■ **Exercise**
Your job is to give again, exactly and with no additions, the lines in the records below from the one with "Lettres patentes confirmant" through the one with "Outpatient Rehabilitation Nurse", both included. Omit the pictures.

■ **Working data**

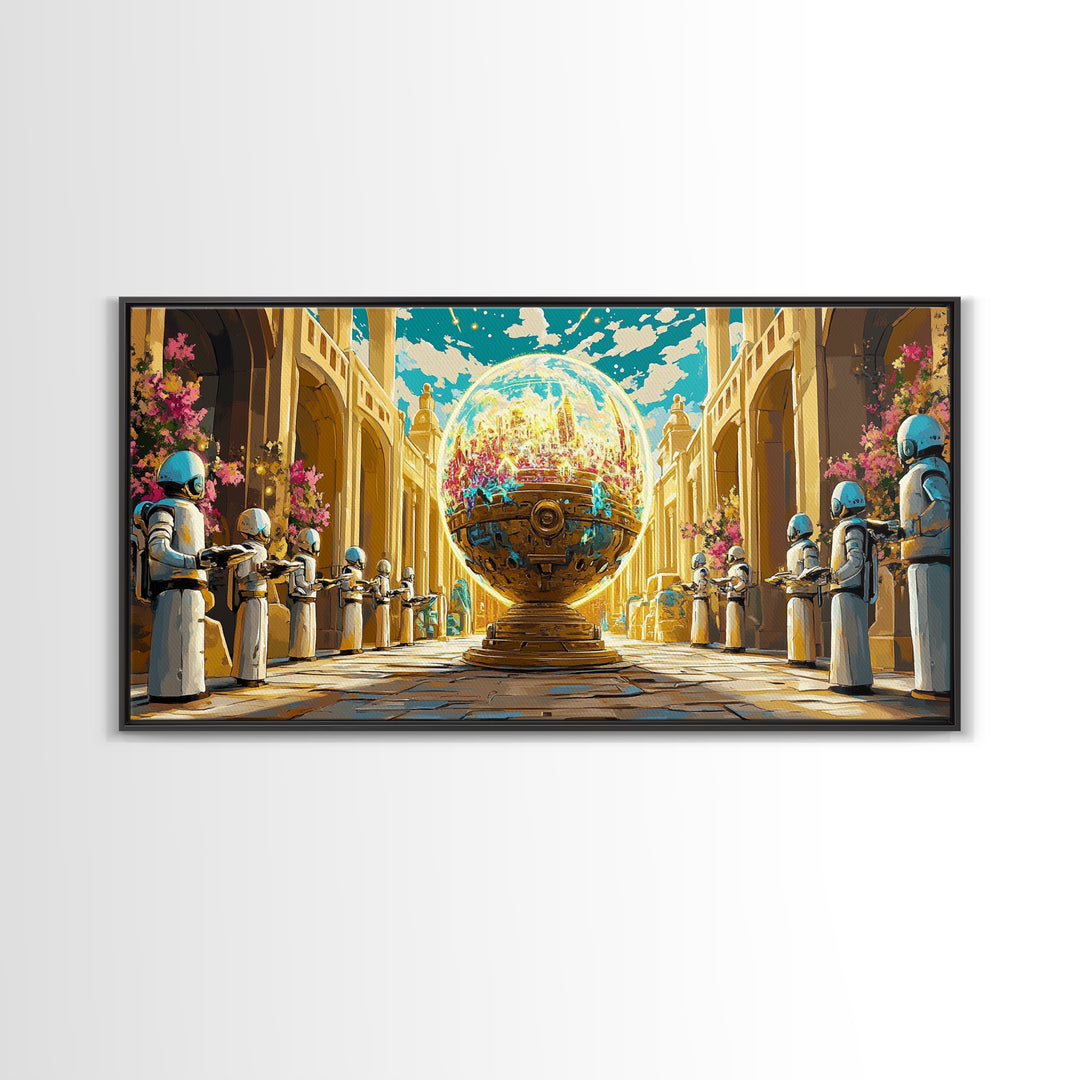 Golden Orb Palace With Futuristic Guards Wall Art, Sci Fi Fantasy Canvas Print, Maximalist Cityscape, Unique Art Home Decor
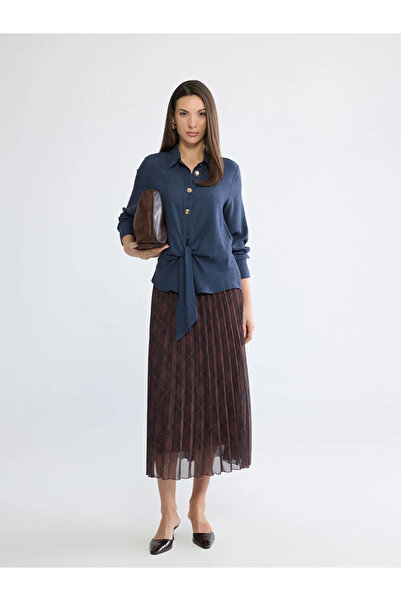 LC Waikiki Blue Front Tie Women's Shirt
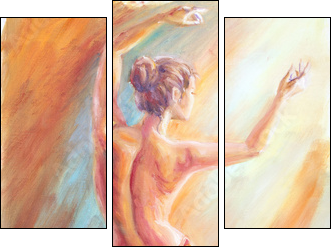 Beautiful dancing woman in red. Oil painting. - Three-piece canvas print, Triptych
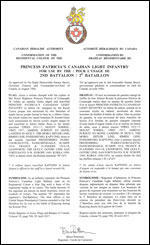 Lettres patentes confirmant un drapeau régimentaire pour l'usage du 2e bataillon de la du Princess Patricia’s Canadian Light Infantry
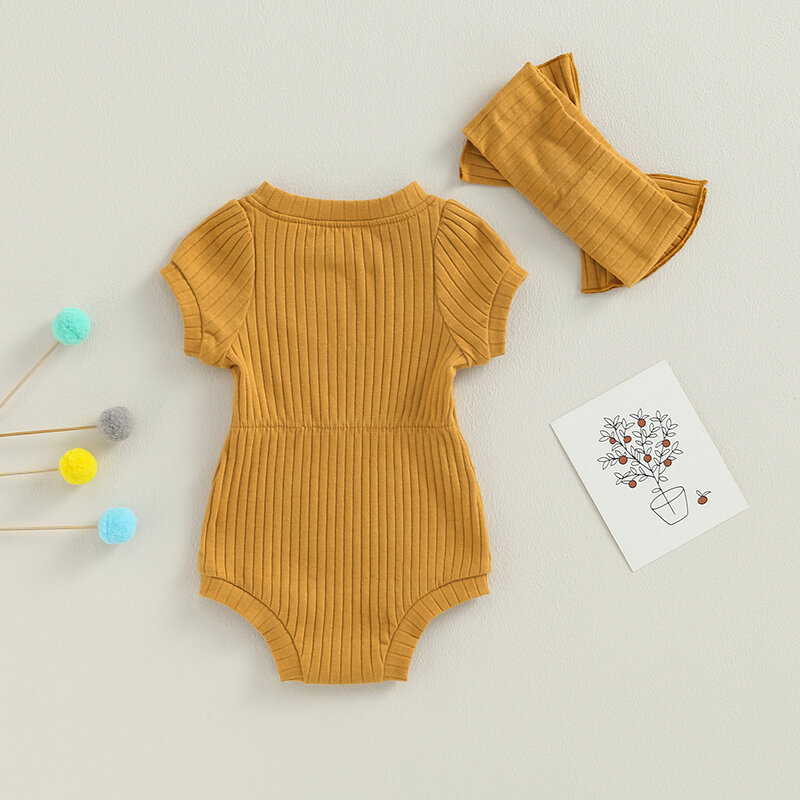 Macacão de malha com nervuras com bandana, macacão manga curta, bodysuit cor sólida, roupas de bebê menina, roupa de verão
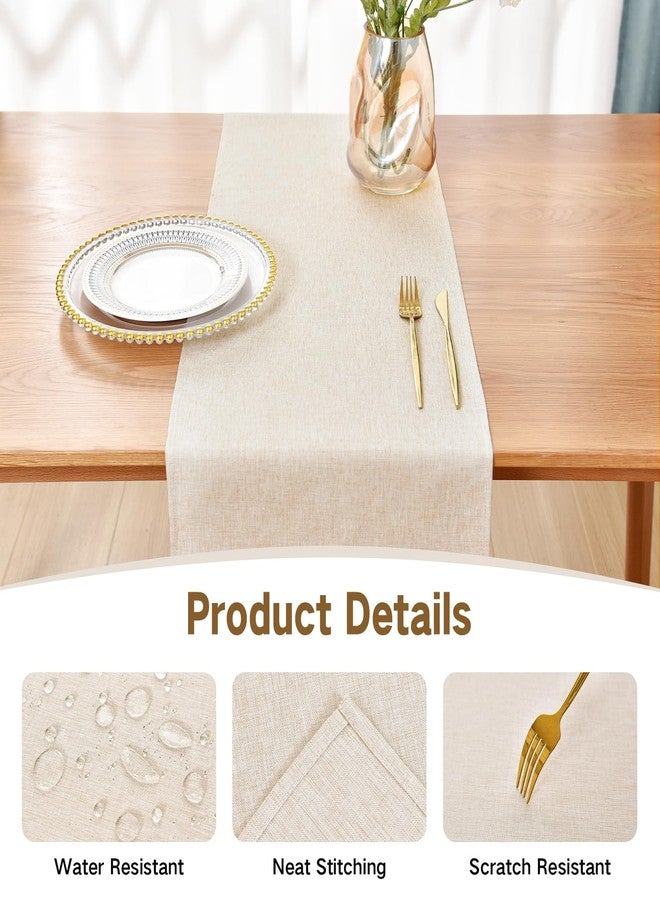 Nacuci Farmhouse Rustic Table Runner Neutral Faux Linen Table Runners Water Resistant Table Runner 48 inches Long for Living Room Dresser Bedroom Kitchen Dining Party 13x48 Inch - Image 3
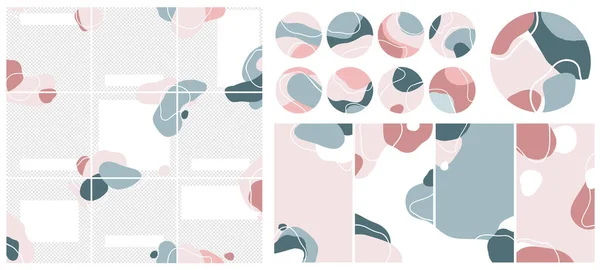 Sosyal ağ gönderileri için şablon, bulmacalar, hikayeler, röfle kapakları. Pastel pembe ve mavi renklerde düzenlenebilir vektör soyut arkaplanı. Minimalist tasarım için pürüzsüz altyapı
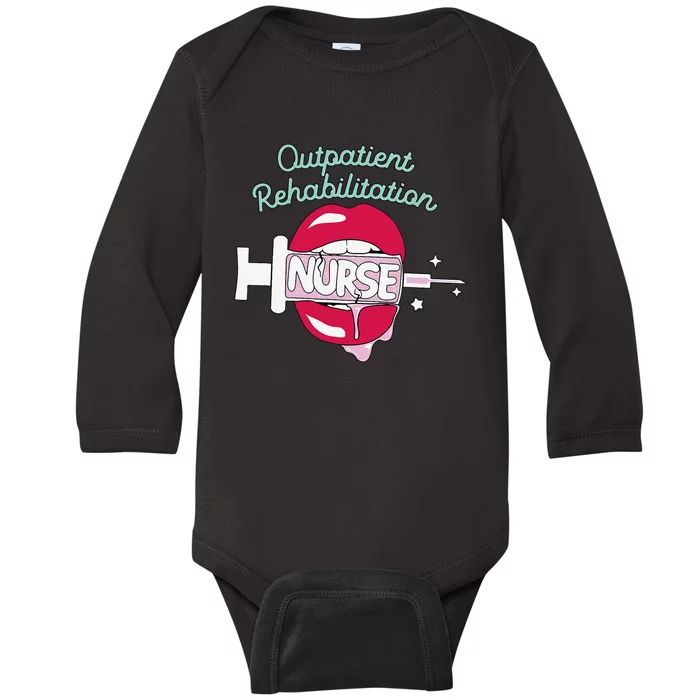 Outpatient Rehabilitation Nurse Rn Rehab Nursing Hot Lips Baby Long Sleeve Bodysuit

...

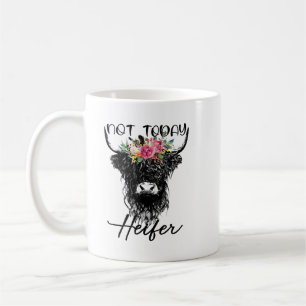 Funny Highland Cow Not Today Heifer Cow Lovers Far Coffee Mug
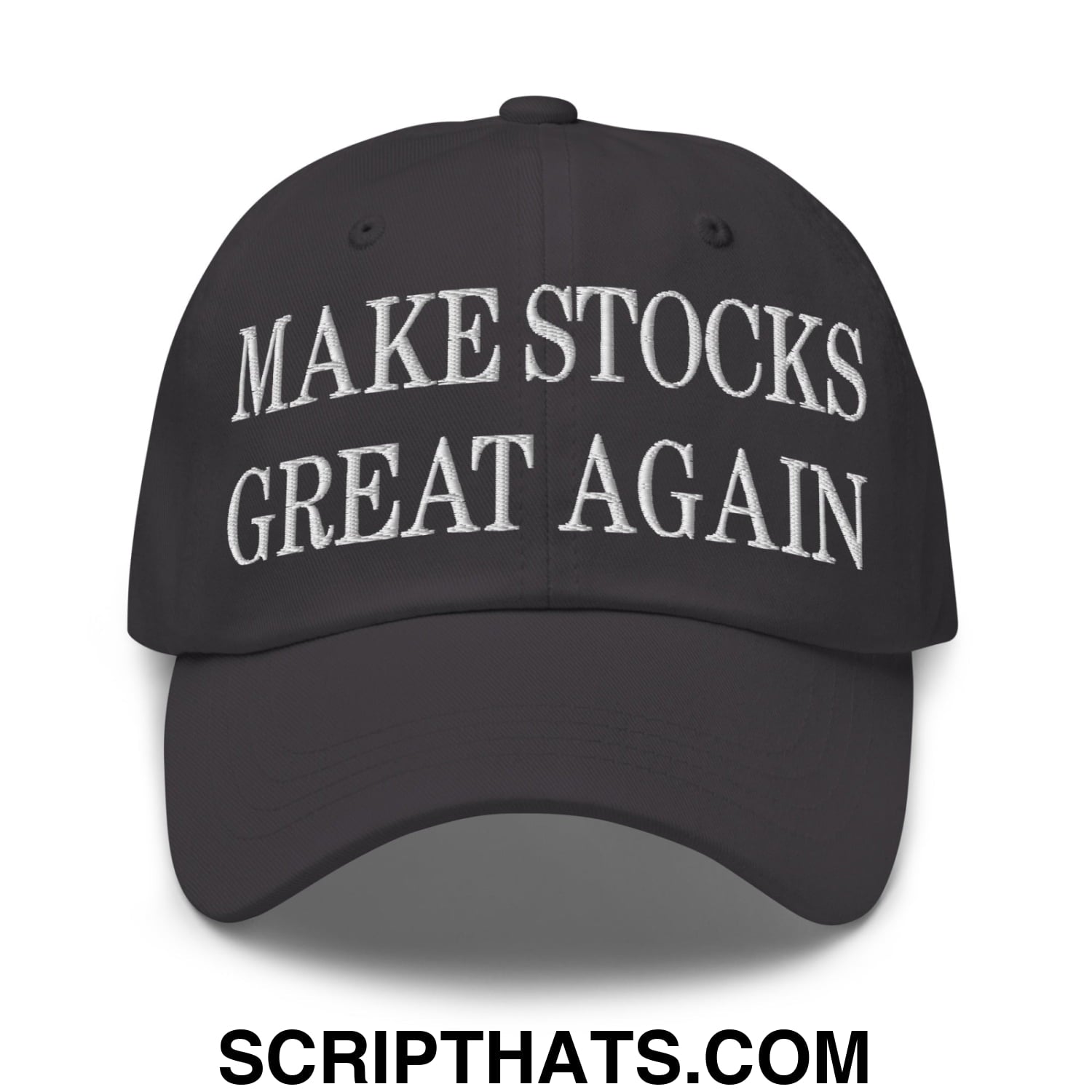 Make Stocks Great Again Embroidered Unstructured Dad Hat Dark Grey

■ **Answer for the task**
 Lettres patentes confirmant un drapeau régimentaire pour l'usage du 2e bataillon de la du Princess Patricia’s Canadian Light Infantry
 Macacão de malha com nervuras com bandana, macacão manga curta, bodysuit cor sólida, roupas de bebê menina, roupa de verão
 Nacuci Farmhouse Rustic Table Runner Neutral Faux Linen Table Runners Water Resistant Table Runner 48 inches Long for Living Room Dresser Bedroom Kitchen Dining Party 13x48 Inch - Image 3
 Sosyal ağ gönderileri için şablon, bulmacalar, hikayeler, röfle kapakları. Pastel pembe ve mavi renklerde düzenlenebilir vektör soyut arkaplanı. Minimalist tasarım için pürüzsüz altyapı
 Outpatient Rehabilitation Nurse Rn Rehab Nursing Hot Lips Baby Long Sleeve Bodysuit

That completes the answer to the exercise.